Educar e educar-se, na prática da liberdade, é tarefa daqueles que sabem que pouco sabem – por isso sabem que sabem algo e podem assim chegar a saber mais – em diálogo com aqueles que, quase sempre, pensam que nada sabem, para que estes, transformando seu pensar que nada sabem em saber que pouco sabem, possam igualmente saber mais. Paulo Freire

A visão da extensão como mero propagador de conhecimento ou com viés assistencial de contrapartida à comunidade é limitada.
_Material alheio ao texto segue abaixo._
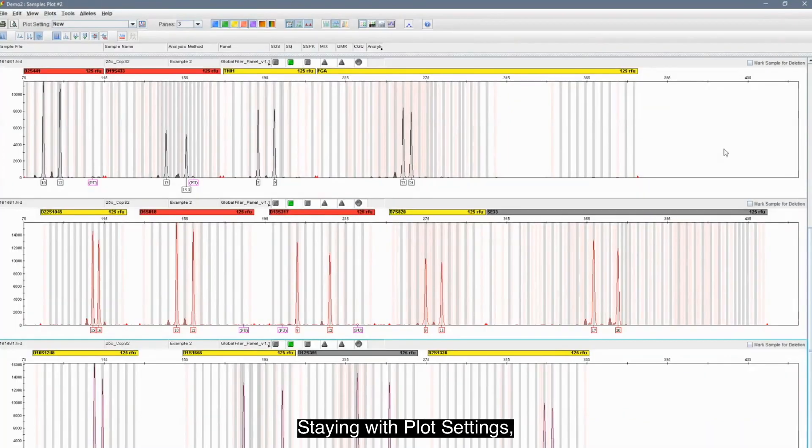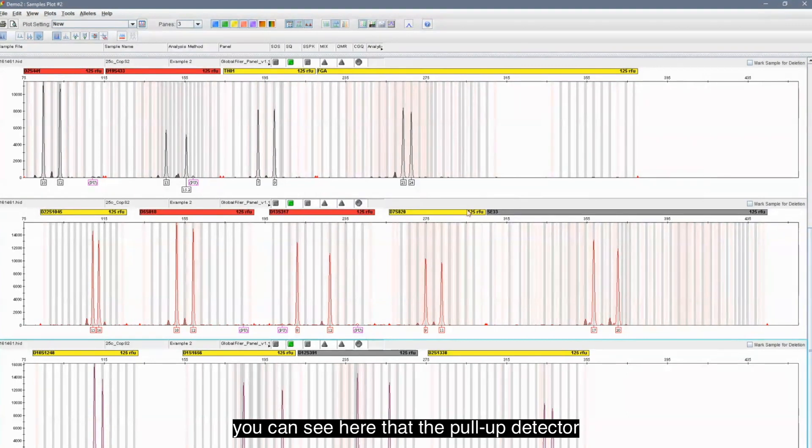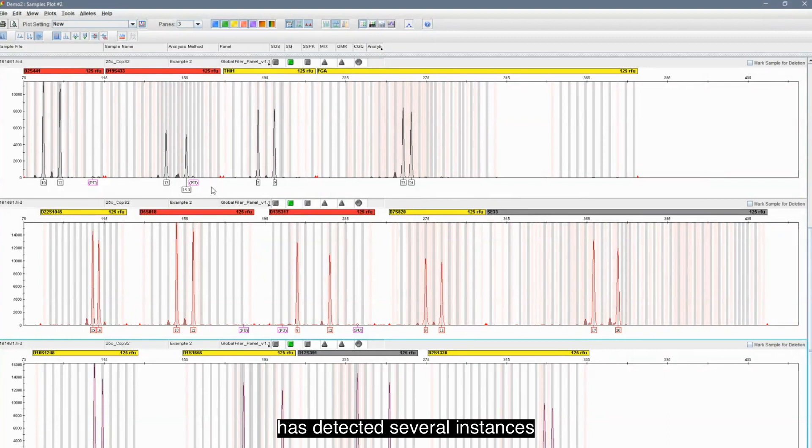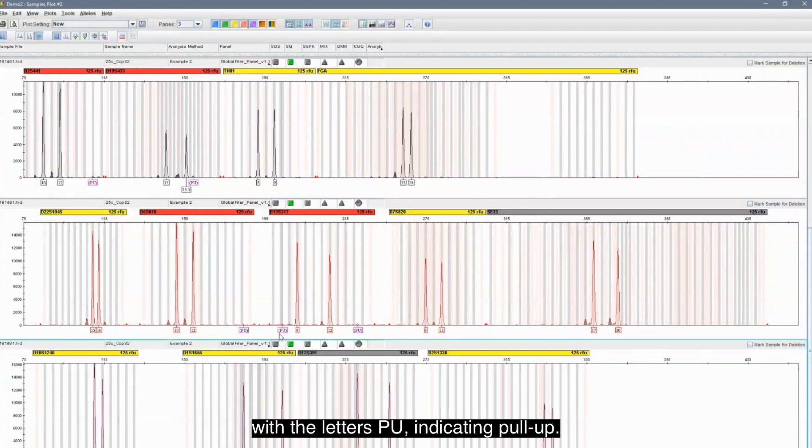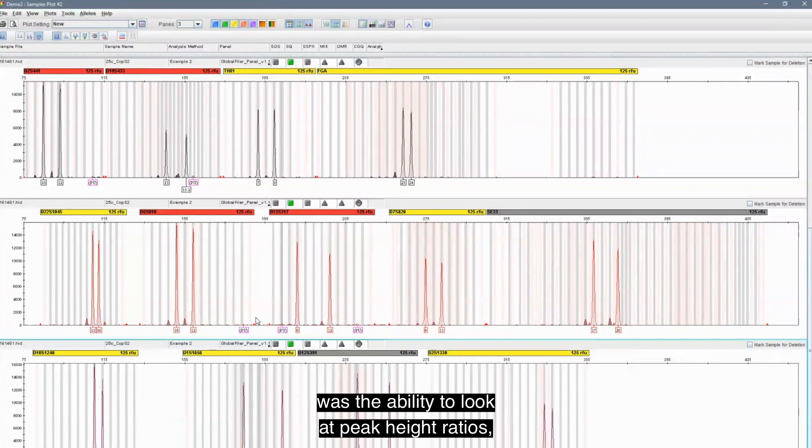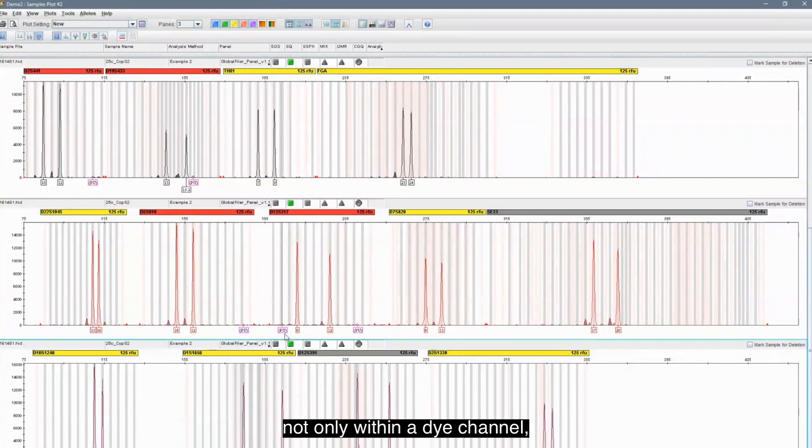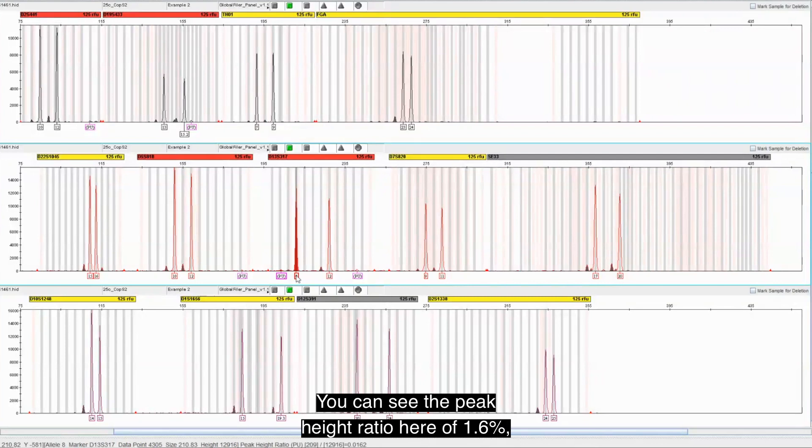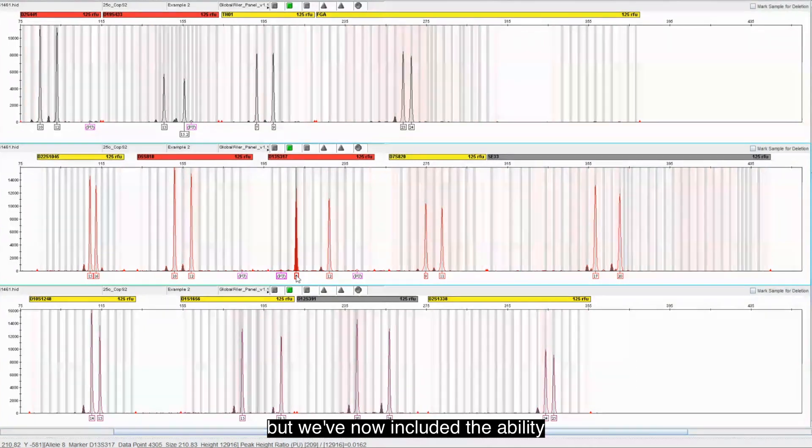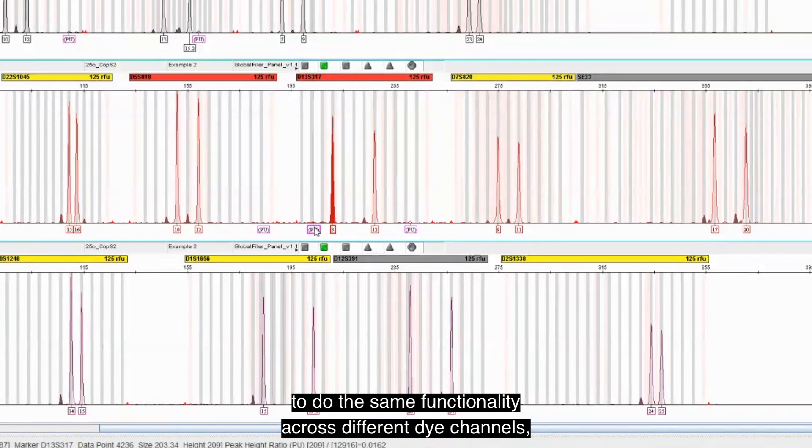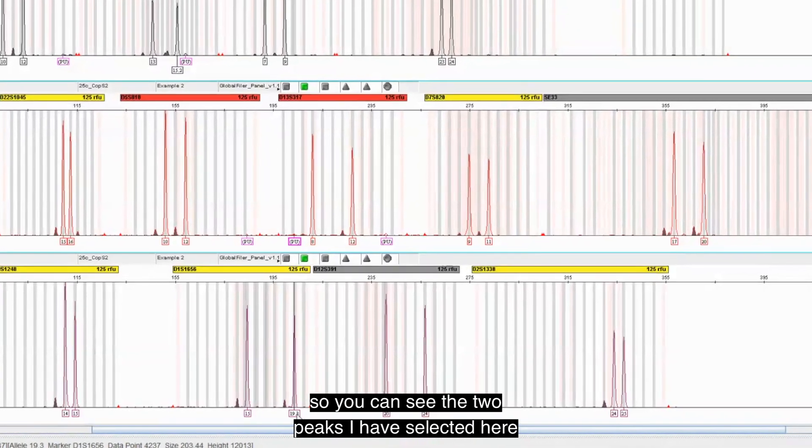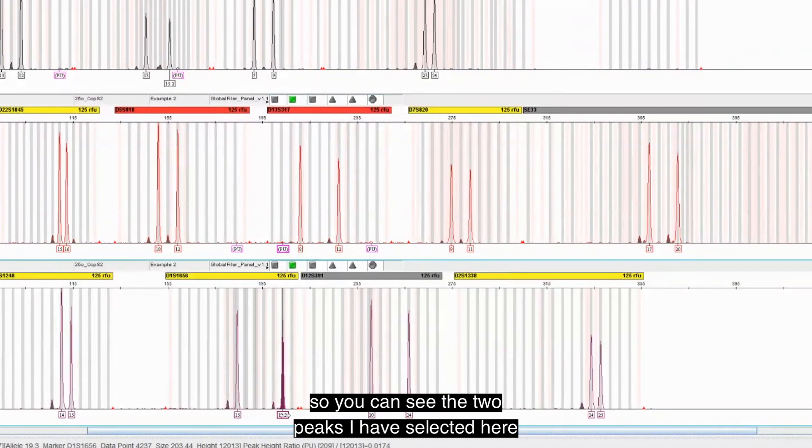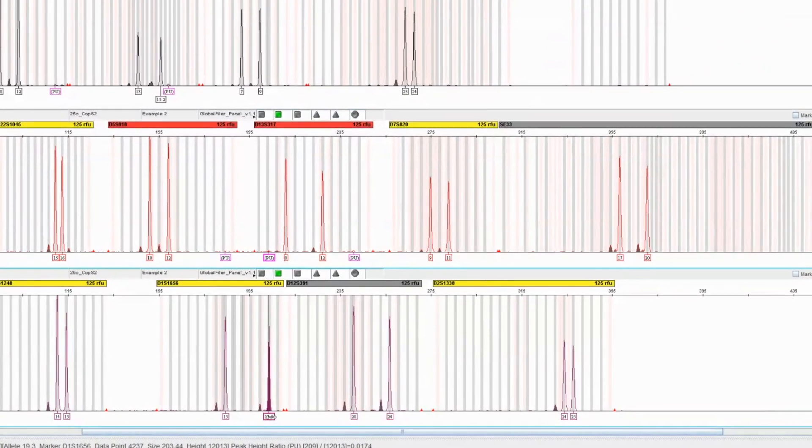Staying with plot settings, and if you remember back that pull-up detector that we set, you can see here that the pull-up detector has detected several instances of pull-up in our Electropherogram. And they are all annotated with the letters PU indicating pull-up. Also a new function in GeneMapper IDX 1.7 we heard from you was the ability to look at peak height ratios not only within a dye channel, which we all know we've been able to do for some time. You can see the peak height ratio here of 1.6%, but we've now included the ability to do the same functionality across different dye channels. So you can see the two peaks I have selected here have a peak height ratio of 1.7%.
O mundo humano é comunicável, portanto o estender não é mais suficiente e tornou-se conflitante com o que de fato se pretende com a extensão: comunicar saberes tradicionais e saberes científicos e acadêmicos A educação popular é um caminho para transformar premissas que, como o passar do tempo, já vinham sendo repensadas, mesmo que intuitivamente. O processo de ampliação do entendimento sobre a práxis extensionista, desde sua concepção até sua execução e resultantes, é o que alicerça a extensão popular.

No intuito de discutir com profundidade a essência da educação popular, de que forma ela conversa com as atividades de extensão que vêm sendo desenvolvidas e, não menos importante, como ambas se aplicam na dignificação do indivíduo como ser integral e na promoção dele à libertação, foi indispensável trazer a base construída por Paulo Freire e sua íntima ligação com o objeto de estudo desse trabalho.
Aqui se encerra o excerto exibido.